Chancellor Angela Merkel hammered out the outlines of an accord last week that would see Turkey take back refugees and migrants in return for cash and eased visa restrictions.
But rights groups and the United Nations have raised concerns that the agreement – if implemented – could breach EU and international human rights law.
“Spain condemns concretely the possibility of collective expulsions. The fact is that everybody who reaches European soil has the right to individual treatment,” José García-Margallo y Marfil, the Spanish foreign affairs minister, told reporters in Brussels.
“What does that mean? It means to submit an asylum request. Then this asylum request is examined. And if this asylum request is refused, they have a right to appeal,” he said. “In which case the return is suspended.”
Zeid Ra’ad Al Hussein, the UN High Commissioner for Human Rights, is also in the Belgian capital for talks with EU officials.
He urged the European Union to reconsider the tentative agreement struck with Ankara.

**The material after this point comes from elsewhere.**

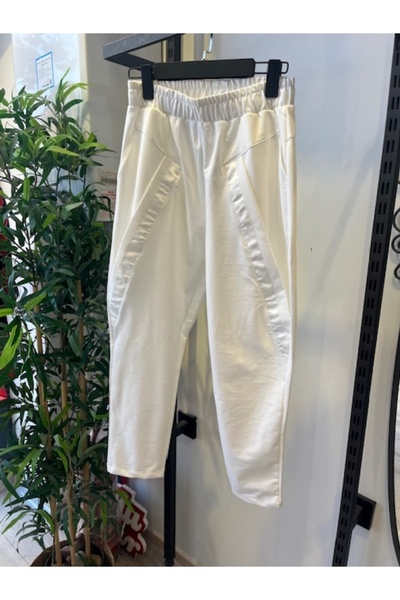 BEBE PLUS Women's Trousers with Pockets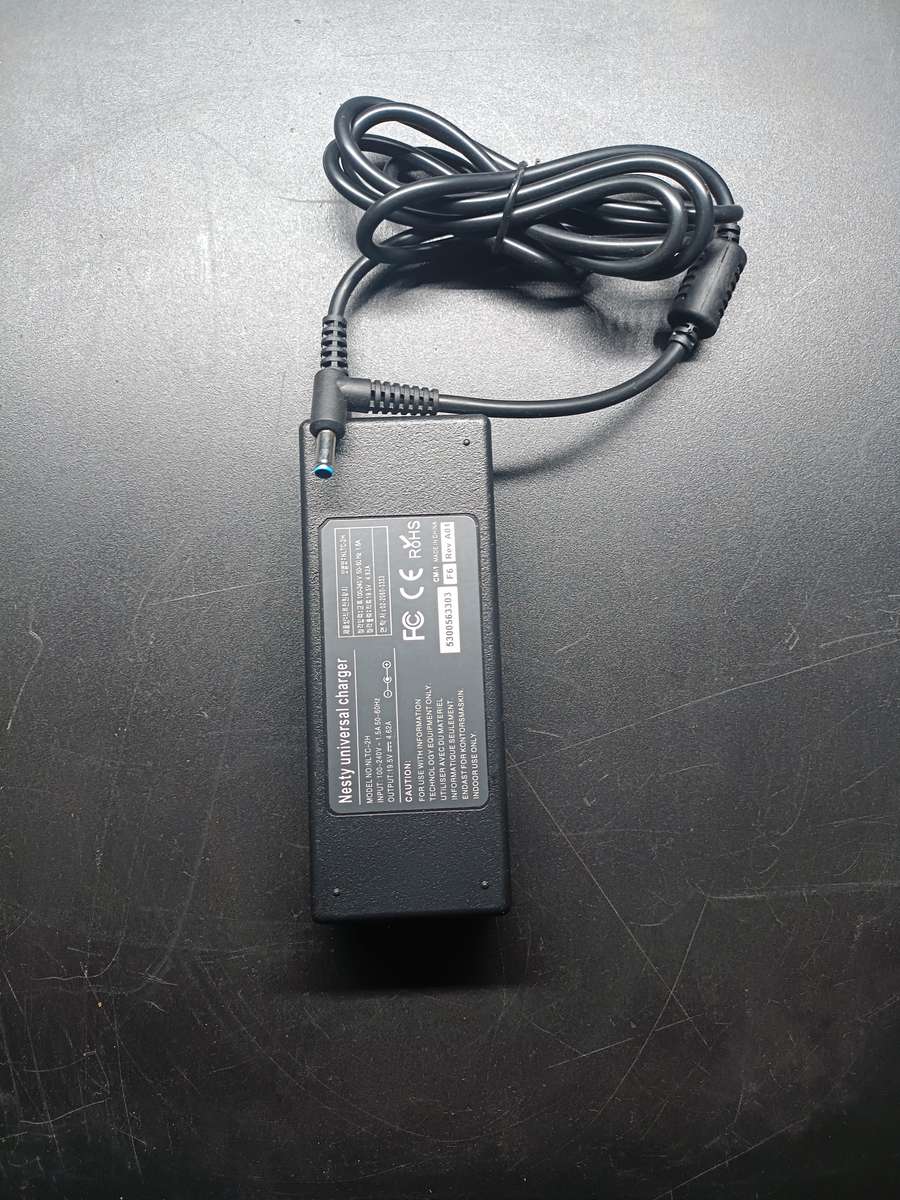 Hp Blue Pin 65W Charger (19.5V 4.62A - 4.5mm - 3.0mm)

“I hope every consideration is given to the independent assessment of the fact that we certainly do not want to see blanket returns,” Al Hussein said. “And that these potential inconsistencies between EU law and policy are basically wrung out of the agreement, and that we have something fully in line with EU and international human rights law.”
EU leaders meet on Thursday and Friday to try and finalise the deal. But it faces many hurdles, including stiff opposition from Cyprus.
Nicosia has long opposed closer ties between the EU and Turkey, owing to Ankara’s refusal to recognise the Greek Cypriot government.